Run-time Management for Multi-core platfroms.
Iraklis Anagnostopoulos

Abstract: Future integrated systems will contain billion of transistors, composing tens to hundreds of IP cores. Modern embedded platforms take advantage of this manufacturing technology advancement and are moving from Multi-Processor Systems-on-Chip (MPSoC) towards Many-Core architectures employing high numbers of processing cores. Resource management is a key technology for the successful use of such computing platforms. The run-time resource management paradigm has become prominent recently because it can deal with the run-time dynamics of applications and platforms.
In this presentation I will show my latest research work on run-time management focusing on run-time mapping and DVFS techniques applied at run-time. Last but not least, I will try to set anchors with previous presentations provided by other members of the lab.

8/12/2011, 14.00

Τrading Fault-Masking with Performance Overhead for Reconfigurable Architectures
Kostas Siozios

Abstract: For many decades, computer architects have pursued one primary goal: performance. The even-faster transistors provided by Moore’s law were translated into remarkable gains in operation frequency and power consumption. However, the device-level size and architecture complexity impose several new challenges, including a decrease in dependability level due to physical failures. This makes crucial the usage of fault tolerance during system level design, not only for safety critical systems, but almost for the majority of architectures.
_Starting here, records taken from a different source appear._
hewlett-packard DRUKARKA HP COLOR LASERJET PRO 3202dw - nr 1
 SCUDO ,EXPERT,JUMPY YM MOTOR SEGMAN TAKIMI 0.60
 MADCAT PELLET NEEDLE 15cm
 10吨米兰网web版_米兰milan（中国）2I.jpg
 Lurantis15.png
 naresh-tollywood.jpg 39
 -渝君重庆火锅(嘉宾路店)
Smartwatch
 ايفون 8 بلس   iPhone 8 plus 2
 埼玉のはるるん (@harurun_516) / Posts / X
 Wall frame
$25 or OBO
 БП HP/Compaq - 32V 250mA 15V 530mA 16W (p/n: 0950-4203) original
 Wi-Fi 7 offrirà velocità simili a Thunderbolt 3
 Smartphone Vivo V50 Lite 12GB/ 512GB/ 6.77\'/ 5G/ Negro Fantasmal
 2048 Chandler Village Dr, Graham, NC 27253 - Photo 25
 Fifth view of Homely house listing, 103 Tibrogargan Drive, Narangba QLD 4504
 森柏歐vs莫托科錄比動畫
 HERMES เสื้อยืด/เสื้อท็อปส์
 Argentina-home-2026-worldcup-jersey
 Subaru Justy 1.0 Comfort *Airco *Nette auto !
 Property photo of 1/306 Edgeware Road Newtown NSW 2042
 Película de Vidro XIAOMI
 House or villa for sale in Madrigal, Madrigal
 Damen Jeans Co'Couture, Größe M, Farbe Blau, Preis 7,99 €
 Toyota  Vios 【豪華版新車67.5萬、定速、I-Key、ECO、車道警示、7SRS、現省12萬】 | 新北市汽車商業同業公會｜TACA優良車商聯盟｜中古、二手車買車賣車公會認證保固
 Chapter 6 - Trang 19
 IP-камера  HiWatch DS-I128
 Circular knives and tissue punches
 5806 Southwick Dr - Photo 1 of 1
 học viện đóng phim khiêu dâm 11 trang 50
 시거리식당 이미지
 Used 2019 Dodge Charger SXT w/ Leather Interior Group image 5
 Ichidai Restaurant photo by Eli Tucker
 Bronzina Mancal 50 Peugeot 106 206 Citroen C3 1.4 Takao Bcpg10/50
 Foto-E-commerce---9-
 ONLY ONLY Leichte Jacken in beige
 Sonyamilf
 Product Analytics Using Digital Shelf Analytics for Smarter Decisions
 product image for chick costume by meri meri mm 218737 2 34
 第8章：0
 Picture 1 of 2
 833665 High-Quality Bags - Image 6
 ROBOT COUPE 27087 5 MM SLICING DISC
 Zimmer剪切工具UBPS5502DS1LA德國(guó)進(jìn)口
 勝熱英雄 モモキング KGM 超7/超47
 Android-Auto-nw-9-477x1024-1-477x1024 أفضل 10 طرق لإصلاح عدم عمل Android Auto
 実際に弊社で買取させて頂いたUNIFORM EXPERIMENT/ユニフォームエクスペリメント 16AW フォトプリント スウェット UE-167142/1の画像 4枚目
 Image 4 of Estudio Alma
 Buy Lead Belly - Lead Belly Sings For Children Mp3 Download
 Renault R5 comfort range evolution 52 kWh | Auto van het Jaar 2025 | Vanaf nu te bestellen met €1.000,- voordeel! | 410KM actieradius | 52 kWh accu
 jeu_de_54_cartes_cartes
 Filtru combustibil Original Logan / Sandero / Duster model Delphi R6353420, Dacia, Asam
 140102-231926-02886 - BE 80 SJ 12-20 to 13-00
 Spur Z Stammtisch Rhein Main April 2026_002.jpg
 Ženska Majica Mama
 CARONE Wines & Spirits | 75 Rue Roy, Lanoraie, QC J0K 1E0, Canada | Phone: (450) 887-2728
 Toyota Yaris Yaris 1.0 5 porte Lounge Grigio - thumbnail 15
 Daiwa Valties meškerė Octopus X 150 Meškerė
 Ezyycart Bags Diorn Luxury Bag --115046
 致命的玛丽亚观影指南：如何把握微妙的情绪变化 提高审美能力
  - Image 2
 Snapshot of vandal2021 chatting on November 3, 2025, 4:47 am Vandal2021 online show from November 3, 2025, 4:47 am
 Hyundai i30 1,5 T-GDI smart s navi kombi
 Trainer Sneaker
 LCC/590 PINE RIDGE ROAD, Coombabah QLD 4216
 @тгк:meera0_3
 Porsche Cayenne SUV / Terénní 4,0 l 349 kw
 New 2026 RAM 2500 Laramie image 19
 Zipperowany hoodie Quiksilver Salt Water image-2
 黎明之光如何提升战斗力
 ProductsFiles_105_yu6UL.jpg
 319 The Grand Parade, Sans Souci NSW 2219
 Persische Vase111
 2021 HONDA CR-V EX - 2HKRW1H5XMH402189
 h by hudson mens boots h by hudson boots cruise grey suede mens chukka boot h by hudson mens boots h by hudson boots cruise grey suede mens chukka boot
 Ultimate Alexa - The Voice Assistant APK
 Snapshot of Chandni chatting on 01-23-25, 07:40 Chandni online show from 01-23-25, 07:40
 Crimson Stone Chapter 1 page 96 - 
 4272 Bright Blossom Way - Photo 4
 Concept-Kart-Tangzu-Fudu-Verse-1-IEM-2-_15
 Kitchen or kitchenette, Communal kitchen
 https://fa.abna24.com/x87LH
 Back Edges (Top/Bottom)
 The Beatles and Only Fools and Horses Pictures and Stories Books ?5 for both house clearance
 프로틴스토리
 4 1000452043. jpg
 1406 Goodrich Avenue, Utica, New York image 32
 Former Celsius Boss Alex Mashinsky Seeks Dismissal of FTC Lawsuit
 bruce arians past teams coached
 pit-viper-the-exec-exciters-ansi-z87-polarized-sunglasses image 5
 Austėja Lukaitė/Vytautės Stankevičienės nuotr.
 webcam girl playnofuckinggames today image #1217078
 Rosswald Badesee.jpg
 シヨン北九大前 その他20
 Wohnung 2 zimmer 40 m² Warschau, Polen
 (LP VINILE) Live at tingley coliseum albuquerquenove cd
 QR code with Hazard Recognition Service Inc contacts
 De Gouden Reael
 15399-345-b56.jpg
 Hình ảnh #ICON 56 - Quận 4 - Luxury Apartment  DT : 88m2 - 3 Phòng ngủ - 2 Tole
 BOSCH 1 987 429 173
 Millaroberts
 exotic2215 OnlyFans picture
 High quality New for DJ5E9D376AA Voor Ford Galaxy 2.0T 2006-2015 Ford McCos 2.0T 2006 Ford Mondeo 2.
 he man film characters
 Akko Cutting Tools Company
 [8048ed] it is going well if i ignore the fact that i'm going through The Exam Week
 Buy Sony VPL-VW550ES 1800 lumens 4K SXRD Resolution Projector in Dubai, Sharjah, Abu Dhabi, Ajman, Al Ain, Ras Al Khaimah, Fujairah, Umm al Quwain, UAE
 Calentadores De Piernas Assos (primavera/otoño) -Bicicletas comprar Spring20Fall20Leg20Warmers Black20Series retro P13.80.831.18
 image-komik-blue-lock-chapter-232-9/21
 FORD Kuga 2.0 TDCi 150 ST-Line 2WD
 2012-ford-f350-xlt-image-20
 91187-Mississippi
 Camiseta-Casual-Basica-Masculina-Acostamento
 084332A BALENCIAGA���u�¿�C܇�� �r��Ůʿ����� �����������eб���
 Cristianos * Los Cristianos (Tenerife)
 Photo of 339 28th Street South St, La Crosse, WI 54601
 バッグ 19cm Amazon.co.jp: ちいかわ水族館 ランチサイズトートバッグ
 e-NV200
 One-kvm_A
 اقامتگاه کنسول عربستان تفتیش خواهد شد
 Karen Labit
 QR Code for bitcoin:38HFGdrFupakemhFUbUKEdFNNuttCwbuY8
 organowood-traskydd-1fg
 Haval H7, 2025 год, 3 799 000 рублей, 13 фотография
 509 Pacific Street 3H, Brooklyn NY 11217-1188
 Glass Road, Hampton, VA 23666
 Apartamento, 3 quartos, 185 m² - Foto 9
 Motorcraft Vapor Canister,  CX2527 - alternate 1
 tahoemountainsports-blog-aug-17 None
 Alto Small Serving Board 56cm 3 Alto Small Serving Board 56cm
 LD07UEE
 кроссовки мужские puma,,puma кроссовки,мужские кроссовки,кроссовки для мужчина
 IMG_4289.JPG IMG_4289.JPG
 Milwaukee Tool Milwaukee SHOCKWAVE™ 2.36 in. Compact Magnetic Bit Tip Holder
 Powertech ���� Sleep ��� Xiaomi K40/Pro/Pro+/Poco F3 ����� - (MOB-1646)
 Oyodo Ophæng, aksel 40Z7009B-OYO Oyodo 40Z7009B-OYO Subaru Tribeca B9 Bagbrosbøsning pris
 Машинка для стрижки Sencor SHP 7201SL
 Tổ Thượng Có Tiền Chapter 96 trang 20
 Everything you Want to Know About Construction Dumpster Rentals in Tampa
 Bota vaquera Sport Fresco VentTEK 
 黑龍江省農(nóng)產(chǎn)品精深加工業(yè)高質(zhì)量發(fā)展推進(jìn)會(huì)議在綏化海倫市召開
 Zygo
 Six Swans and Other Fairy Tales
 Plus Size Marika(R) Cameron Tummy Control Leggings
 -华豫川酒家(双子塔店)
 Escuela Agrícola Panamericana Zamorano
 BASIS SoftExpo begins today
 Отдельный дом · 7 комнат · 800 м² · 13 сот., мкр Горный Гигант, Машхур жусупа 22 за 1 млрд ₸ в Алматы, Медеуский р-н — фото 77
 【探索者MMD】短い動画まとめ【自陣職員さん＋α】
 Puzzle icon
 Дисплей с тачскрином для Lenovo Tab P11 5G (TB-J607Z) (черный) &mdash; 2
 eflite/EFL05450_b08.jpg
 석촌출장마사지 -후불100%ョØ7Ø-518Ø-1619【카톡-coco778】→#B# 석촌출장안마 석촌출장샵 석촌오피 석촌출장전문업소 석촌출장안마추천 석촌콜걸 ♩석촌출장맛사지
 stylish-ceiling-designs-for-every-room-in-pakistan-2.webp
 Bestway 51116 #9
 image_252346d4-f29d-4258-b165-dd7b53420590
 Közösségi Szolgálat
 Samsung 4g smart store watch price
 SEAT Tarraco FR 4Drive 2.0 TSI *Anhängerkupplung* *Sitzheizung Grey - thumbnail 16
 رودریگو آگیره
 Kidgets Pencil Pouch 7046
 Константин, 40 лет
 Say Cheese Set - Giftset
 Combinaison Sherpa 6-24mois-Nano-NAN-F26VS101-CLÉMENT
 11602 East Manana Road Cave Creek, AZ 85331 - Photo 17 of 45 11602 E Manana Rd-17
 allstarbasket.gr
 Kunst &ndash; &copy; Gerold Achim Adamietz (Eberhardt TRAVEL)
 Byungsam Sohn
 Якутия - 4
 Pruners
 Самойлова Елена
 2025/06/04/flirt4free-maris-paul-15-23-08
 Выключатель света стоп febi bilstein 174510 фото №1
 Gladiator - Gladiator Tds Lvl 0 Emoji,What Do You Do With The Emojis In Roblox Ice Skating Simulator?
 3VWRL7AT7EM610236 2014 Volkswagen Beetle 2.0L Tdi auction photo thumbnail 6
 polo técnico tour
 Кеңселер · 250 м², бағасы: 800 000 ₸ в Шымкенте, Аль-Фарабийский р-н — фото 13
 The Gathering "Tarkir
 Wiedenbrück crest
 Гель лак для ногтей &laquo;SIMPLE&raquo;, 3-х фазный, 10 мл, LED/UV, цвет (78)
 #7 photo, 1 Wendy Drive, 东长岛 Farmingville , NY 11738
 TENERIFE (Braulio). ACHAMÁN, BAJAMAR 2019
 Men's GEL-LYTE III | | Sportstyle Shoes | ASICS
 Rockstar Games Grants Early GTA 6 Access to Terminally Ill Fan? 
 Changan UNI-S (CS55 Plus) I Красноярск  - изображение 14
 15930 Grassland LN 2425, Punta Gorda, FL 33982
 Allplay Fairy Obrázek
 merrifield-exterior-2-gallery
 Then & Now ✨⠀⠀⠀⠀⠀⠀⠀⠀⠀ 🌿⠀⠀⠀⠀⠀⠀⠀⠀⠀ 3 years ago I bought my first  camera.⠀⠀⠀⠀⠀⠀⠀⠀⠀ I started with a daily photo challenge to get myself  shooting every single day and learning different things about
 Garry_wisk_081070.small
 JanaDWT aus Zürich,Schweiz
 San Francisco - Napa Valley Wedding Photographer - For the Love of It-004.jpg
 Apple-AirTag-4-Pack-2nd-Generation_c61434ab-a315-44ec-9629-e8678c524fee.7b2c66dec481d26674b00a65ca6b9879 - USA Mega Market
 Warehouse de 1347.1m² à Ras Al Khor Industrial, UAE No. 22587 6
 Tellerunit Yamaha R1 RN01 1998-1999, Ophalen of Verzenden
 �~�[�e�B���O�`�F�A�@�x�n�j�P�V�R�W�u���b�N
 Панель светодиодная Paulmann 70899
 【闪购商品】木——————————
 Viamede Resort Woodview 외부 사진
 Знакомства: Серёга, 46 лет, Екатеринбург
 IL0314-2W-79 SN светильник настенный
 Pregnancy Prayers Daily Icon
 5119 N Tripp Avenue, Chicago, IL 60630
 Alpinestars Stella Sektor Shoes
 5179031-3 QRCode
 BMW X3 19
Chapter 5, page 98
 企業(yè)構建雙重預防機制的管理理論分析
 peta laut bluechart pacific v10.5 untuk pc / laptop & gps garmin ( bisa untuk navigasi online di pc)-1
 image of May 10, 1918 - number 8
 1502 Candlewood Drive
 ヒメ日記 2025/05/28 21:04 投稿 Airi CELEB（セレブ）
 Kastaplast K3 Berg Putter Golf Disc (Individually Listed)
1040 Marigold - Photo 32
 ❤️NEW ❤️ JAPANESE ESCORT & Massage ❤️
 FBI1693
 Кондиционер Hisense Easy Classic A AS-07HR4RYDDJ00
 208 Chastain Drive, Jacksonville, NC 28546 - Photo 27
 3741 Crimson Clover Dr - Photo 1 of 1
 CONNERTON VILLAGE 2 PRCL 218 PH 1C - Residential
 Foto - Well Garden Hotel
Existing solutions to this problem are not sufficient since they are characterized as expensive in terms of delay, power consumption and silicon area. This presentation introduces a software-supported methodology based on game theory for selectively protecting only
resources with increased probability of failure due to aging phenomena. Experimental results prove the efficiency of applying such a focused fault tolerant, as it achieves comparable fault masking to relevant solutions, but with significant lower mitigation cost.

22/11/2011, 14.00

«Λογοδοσία μιας ζωής … παρελθόν, παρόν και προοπτικές»

Ass. Prof.

Dimitrios Soudris 

Abstract: Σκοπός της ομιλίας είναι να παρουσιαστεί μια γενική εικόνα της δουλειάς που έχει πραγματοποιηθεί

παλαιότερα αλλά και πρόσφατα, τις τρέχουσες εργασίες, καθώς επίσης ποιες προοπτικές, δυνατότητες και ρεαλιστικές

ελπίδες έχουμε για να προχωρήσουμε στα επόμενα βήματα.

8/11/2011, 14.00

Thermal optimization for micro-architectures through selective block replication
Dionisis Diamantopoulos

Abstract: Increased power densities result to higher on-chip temperatures, which in turn creates numerous problems tightly firmed to reliability issues. This problem is expected to become even more severe for deep-submicron technologies. In this paper, we propose a thermal-aware exploration framework at the micro-architecture level for temperature hotspots elimination through selective resource replication. Experimental results based on the LEON3 processor synthesized with a 45 nm technology library, shown that the proposed methodology leads to designs with fewer hotspots, while the maximal temperatures at these hotspots are also reduced. Specifically, temperature reduction of 17 Kelvin degrees is feasible, which leads to improvement against aging phenomena about 14%, with a controllable overhead in silicon area about 15%, as compared to conventional architecture design.

4/11/2011, 14.00

Mapping reliability mitigation techniques on the Intel Single-chip Cloud Computer

Dimitris Rodopoulos

Abstract: This presentation will be divided in two sections. The first outlines the Single-chip Cloud Computer platform of Intel and is meant to be a short tutorial of its architecture, capabilities and features for the audience. The second (and shorter) part of the presentation will illustrate how a technique for mitigating soft errors in the memory organization of real-time embedded systems is currently being mapped on this platform to demonstrate its usefulness in a high performance computing context.

18/10/2011, 14.00

Market-Based Resource Management
Alex Bartzas

Abstract: The transition to many-core systems and the run-time dynamics introduced by application dynamism and hardware reliability degradation significantly complicate run-time resource management. Existing techniques are focused on minimizing application deadline misses while loosely optimizing some hardware objective functions such as power consumption and hot-spots. In this presentation we propose a method for distributing resource management and allowing hardware resources to manage themselves, thus to extend their lifetime/availability. Resources are treated as independent agents that can evaluate their own condition at run-time and translate their processing capabilities into a single number. Jobs, on the other hand, are assigned a single number that represents their urgency to be executed. Run-time resource management then degenerates into matching the supply of and demand for processing power in a manner similar to a marketplace.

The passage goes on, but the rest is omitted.